Macau-based, Portuguese film director Ivo Ferreira’s latest feature film, Empire Hotel was premiered at the Pingyao International Film Festival in China’s Shanxi province on Friday October 12. The 82-minute long “urban tale” was shot entirely in Macau and tells the story of two characters – played by the Portuguese actress Margarida Vila-Nova and Taiwanese British actor Rhydian Vaughan – and their connection to the “Empire Hotel” with the iconic Macau Floating Casino as its prime location.
Ferreira describes the movie as “melancholic.” “A hotel is a place for people to check in and check out; Macau is just like that,” he says.
The 43-year-old director, whose previous film Letters from War was shown at the Berlin International Film Festival in 2016, arrived in Macau “by mistake” when he was only 18.
“I fell in love with the city and never really left. For me it was like checking into a hotel and I never did check out again; a place that has stopped for time,” Ferreira adds.
Except in reality, changes are hardly stoppable.

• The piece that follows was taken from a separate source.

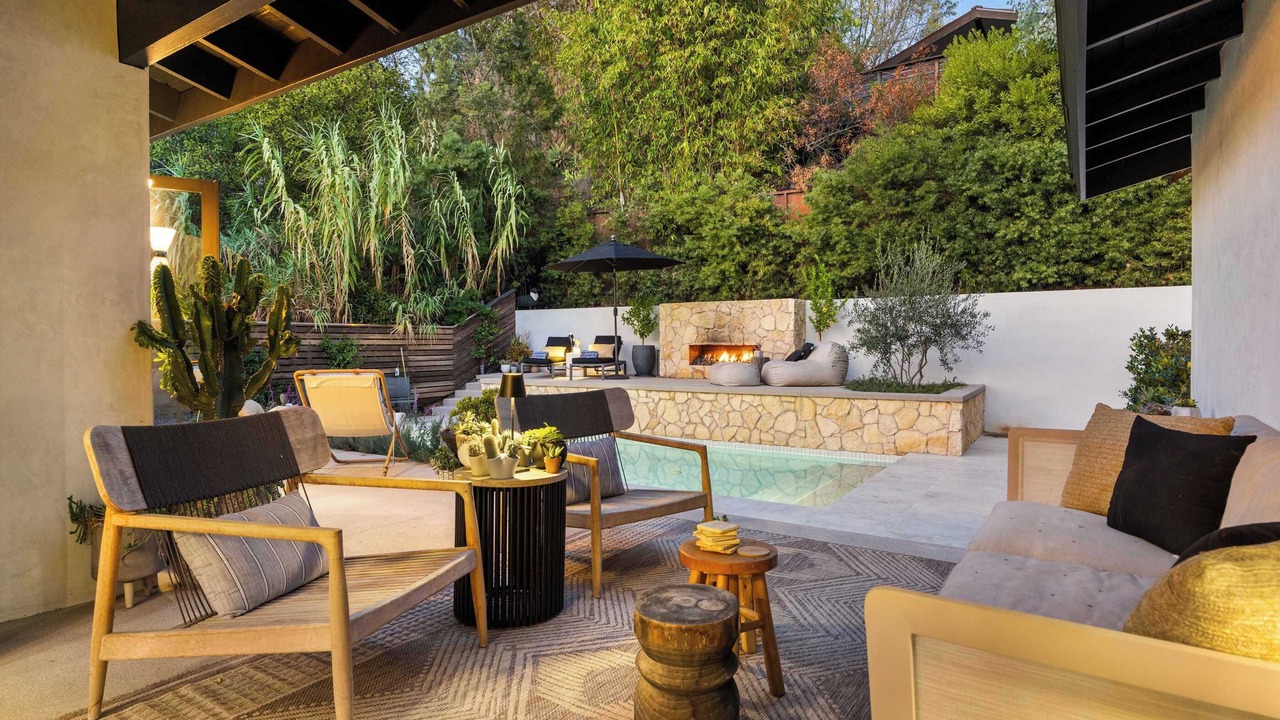 Photo of Patio Balcony in Hollywood Hills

In Empire Hotel, Ferreira paints with his lens a city on the edge of transformation. Dramatic lighting – low-key, sharp and atmospheric – combines beauty, sorrow, darkness, light, passion and distance into one, beckoning feelings of incredible loss, as well as hope.
Ferreira calls it “my Macau.” “It’s so distant and yet so close to me,” he notes.

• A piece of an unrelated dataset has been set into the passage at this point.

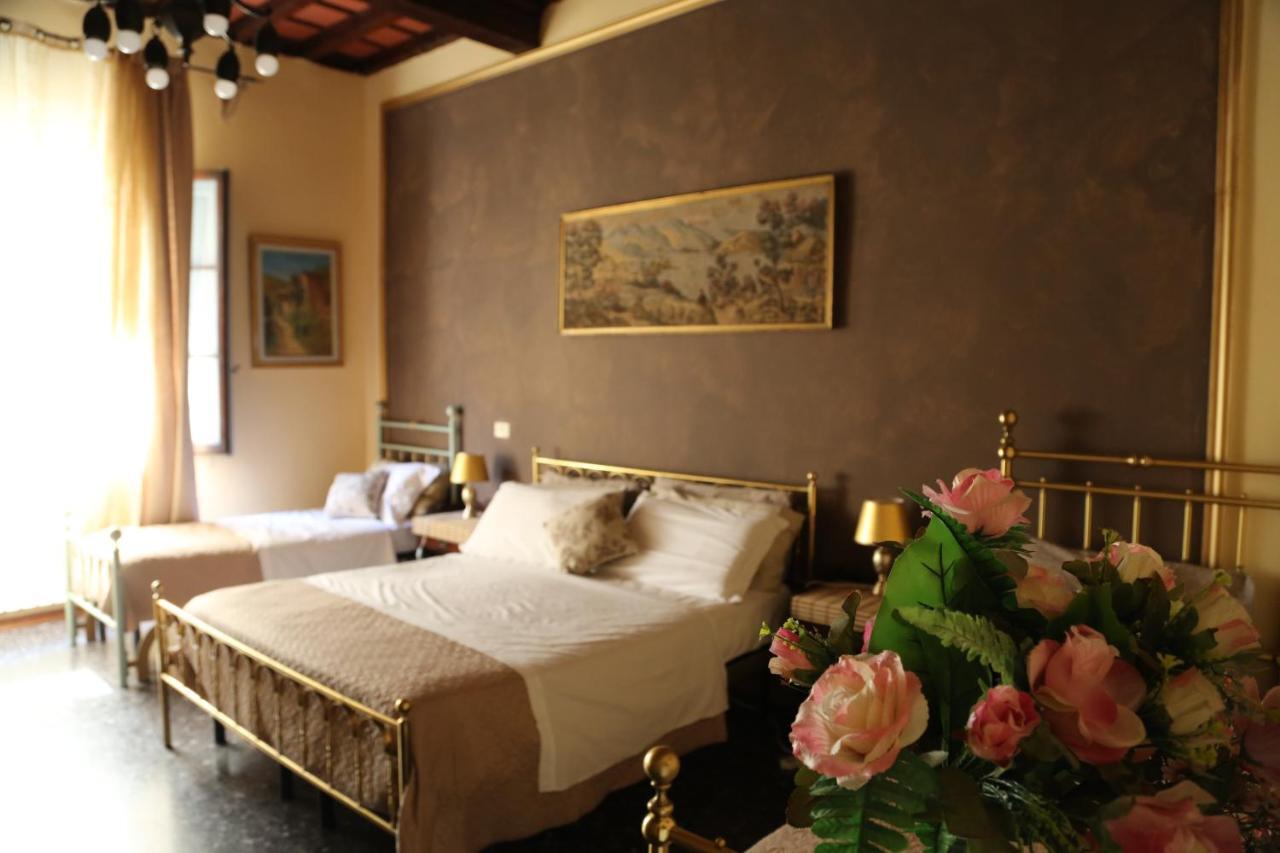 Guest house Riverbank's Florence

Vaughan, who has appeared in a number of popular movies such as Tiny Times, Girlfriend, Boyfriend and Monga, says the movie’s script was “a gift.”

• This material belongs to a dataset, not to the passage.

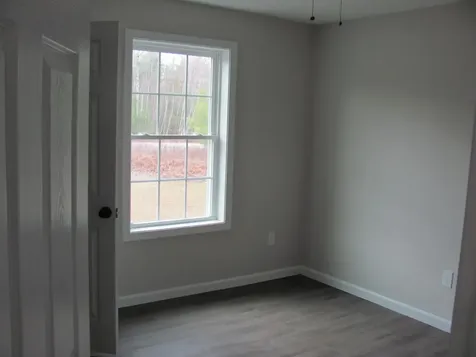 9 Wyatts Way Oxford ME 04270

“As a young actor, you always struggle against yourself. Empire Hotel has offered me the right role at the right time. It was as if everything I did before was to prepare me for the part.”
He says working with Ferreira was a “very natural and inspiring experience.” “Ferreira is a great artist. He is strict and yet creative, demanding and yet playful. On the set, he struck a very good balance as a director.”
The Pingyao International Film Festival (PYIFF) was launched by the acclaimed Chinese director Jia Zhangke in 2017. The Shanxi-native opened the second edition of the film festival, which runs from October 11-20 in the 2,700-year-old ancient city of Pingyao, with a warm welcome to an impressive lineup of Chinese and foreign guests this week.
Red carpet names included Liao Fan, Huang Xiaoming, Gordon Lam, Zhang Yibai, Zhao Tao, James Wang, Ren Zhonglun, Albert Lee and Sabrina Barracetti.
Set inside the UNESCO walled city, the PYIFF counts Marco Muller as its artistic director and has made use of a converted diesel factory as its miniplex screening hub to showcase independent cinema. Some 13 of its Chinese film selections, including Empire Hotel, were world premieres. Several more have been featured recently at the early Fall festivals in Venice, Toronto and Busan. International titles include the latest efforts by Romain Laguna and Ivan Ayr.